Melayang di dalamnya kunang-kunang merah yang senantiasa mengedipkan cahaya, menempel jejamuran yang memancarkan sinar sendu, dan menggenang sebuah mata air bersama aliran pancuran di sampingnya.
Di bawah genangan air itu terdapat sisi terhiasi bebatuan yang memberikan relaksasi bagi siapapun yang menginjaknya. Di permukaannya terdapat bunga-bunga putih berjenis sembilan yang kian melandai. Sementara air itu sendiri begitu harum, layaknya semerbak ratusan kembang yang berterbangan di Umanacca.

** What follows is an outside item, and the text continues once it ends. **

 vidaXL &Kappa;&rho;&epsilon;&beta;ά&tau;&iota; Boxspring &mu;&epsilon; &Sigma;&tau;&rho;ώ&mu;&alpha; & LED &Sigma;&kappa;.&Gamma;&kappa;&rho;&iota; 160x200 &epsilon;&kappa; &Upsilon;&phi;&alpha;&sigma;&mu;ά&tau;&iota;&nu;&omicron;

"Selamat datang Tuan Putri, di kolam Asmara. Aku tahu memang terdengar sedikit menggelikan, tetapi memang begitu mereka menamakan kolam ini." Pemimpin gadis-gadis itu berucap lembut dengan senyuman kecil yang terlihat jahat bagi yang memahaminya.
"Maaf, kalo aku boleh bertanya... kalian ini siapa ya?" Naema sedikit gugup dikerubungi sekumpulan Genka sendirian. Panas yang mereka pancarkan cukup menambah betapa gerah tubuhnya terasa.
"Oh, maafkan kami karena tidak memperkenalkan diri terlebih dahulu." Gadis itu menutup bibir dengan jemari kanannya.
"Tak apa…"
"Aku Nitara, dan kami adalah gadis-gadis pelindung Mentari, orang-orang yang terpilih untuk melayani adat-adat suku Api, mereka memanggil kami... Inolatendo." Para gadis lekas membungkukkan tubuh mereka.
"Inolatendo?"
"Benar, tugas kami adalah untuk memastikan tiap tradisi dan adat suku Api berjalan dengan baik, kami juga memiliki pengetahuan penuh tentang semua norma dan adat yang berlaku di sini."
"Apakah ada syarat tertentu untuk menjadi seorang Inolatendo?" Tanya Naema penasaran, melihat tak satupun gadis Inolatendo yang buruk rupa.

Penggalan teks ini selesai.